━━━━━ Stored data ━━━━━

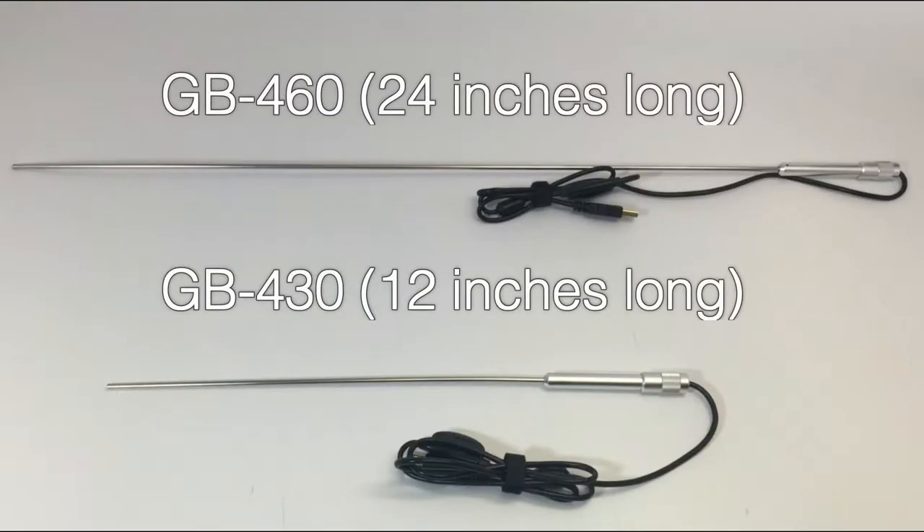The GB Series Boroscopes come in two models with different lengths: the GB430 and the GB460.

━━━━━
━━━━━ Stored data ━━━━━

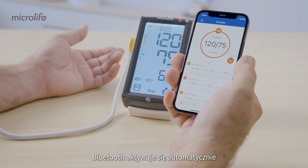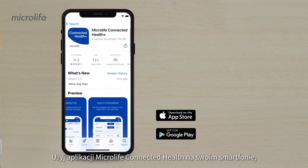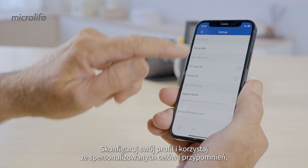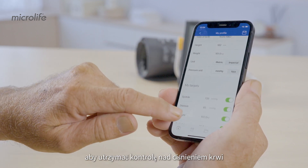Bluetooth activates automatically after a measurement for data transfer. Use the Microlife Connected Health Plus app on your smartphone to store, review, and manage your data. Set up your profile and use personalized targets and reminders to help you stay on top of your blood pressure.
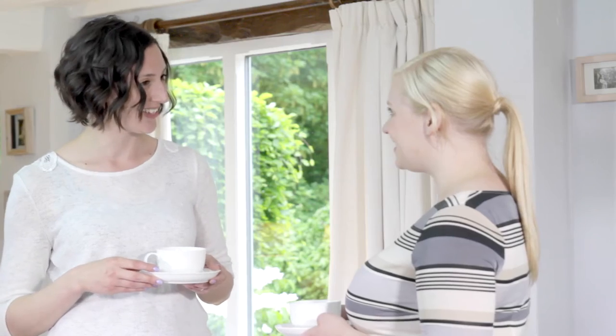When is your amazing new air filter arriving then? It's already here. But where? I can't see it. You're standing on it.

━━━━━

What to produce> Given the records above, return the lines starting at the one that holds "Bluetooth activates automatically" and ending at the one that holds "When is your", exactly, and nothing besides; leave every picture out.

Response area>
Bluetooth activates automatically after a measurement for data transfer. Use the Microlife Connected Health Plus app on your smartphone to store, review, and manage your data. Set up your profile and use personalized targets and reminders to help you stay on top of your blood pressure.
When is your amazing new air filter arriving then? It's already here. But where? I can't see it. You're standing on it.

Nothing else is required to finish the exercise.